_RECORDS FOR THIS TASK_.
== Segment start ==
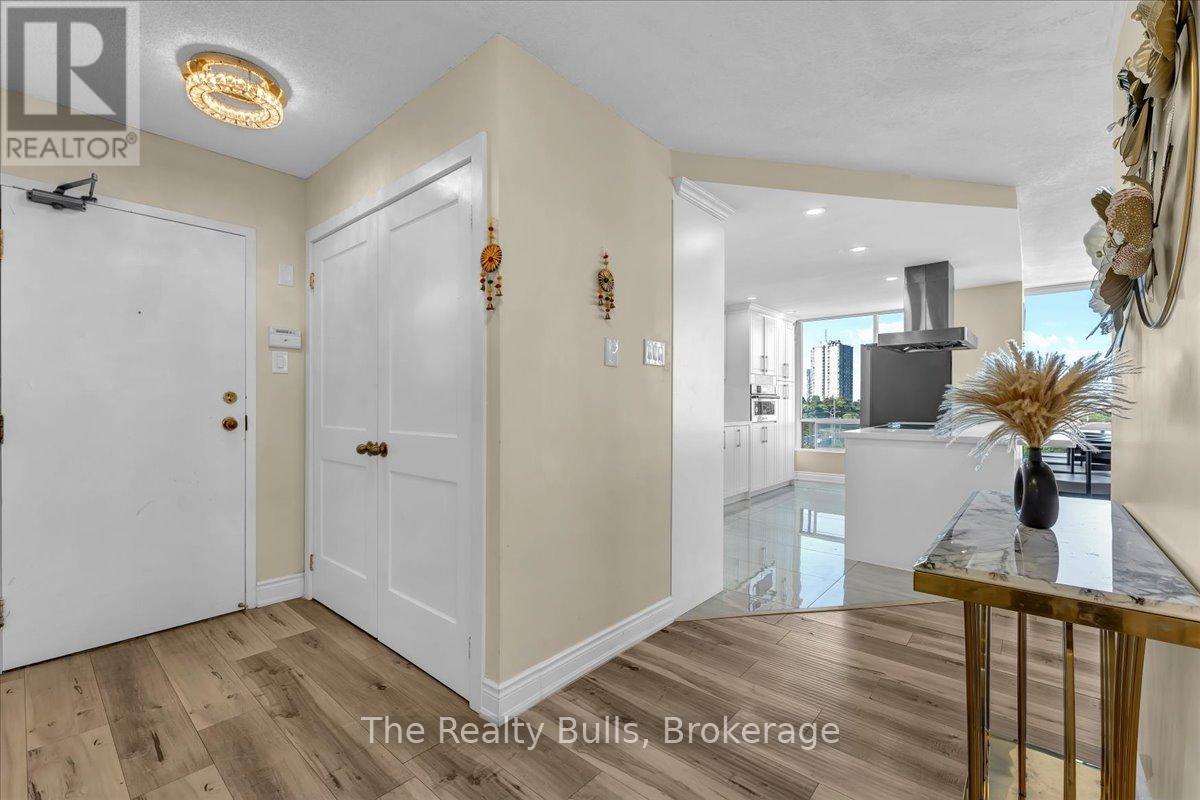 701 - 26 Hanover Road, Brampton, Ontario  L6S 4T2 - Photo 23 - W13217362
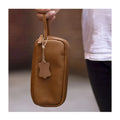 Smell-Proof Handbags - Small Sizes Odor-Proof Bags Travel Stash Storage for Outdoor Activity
== Segment end ==
== Segment start ==
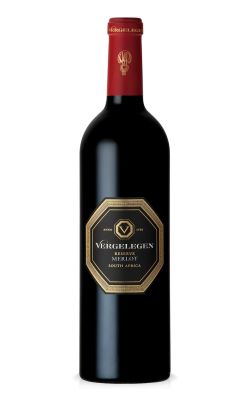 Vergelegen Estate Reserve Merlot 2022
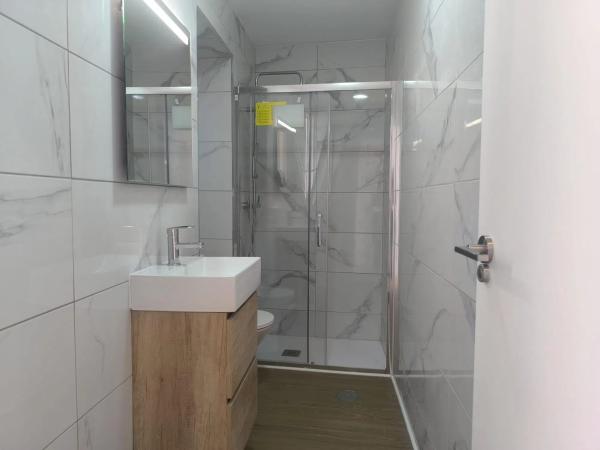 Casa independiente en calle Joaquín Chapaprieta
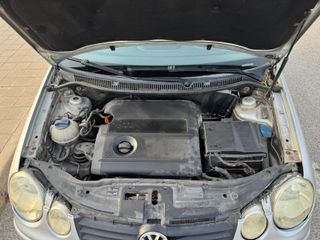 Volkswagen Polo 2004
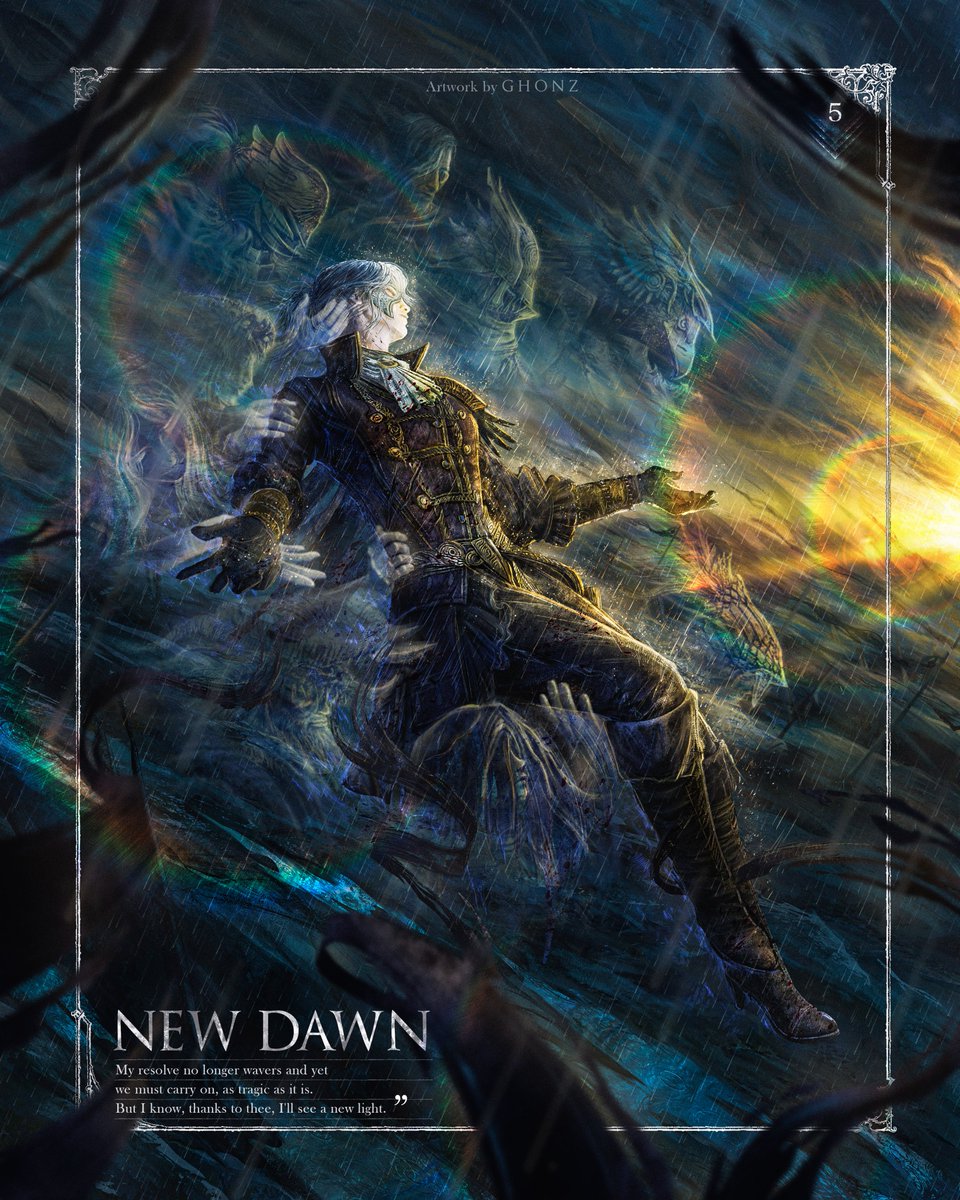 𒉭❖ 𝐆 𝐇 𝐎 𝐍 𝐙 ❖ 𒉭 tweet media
== Segment end ==
== Segment start ==
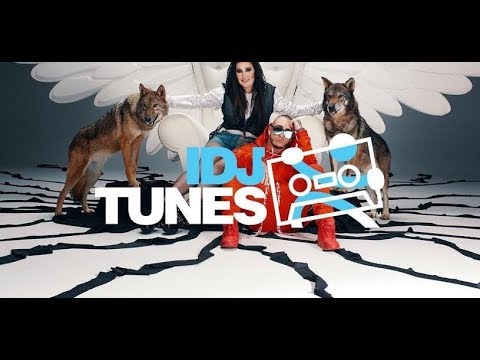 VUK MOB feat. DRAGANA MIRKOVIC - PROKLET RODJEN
== Segment end ==
_ABOUT THIS EXERCISE_.
Above are some entries. Restate word for word the lines from the one holding "701 - 26 Hanover" through the one holding "Smell-Proof Handbags - Small", but not the pictures.

_PROBLEM SOLUTION_.
 701 - 26 Hanover Road, Brampton, Ontario  L6S 4T2 - Photo 23 - W13217362
 Smell-Proof Handbags - Small Sizes Odor-Proof Bags Travel Stash Storage for Outdoor Activity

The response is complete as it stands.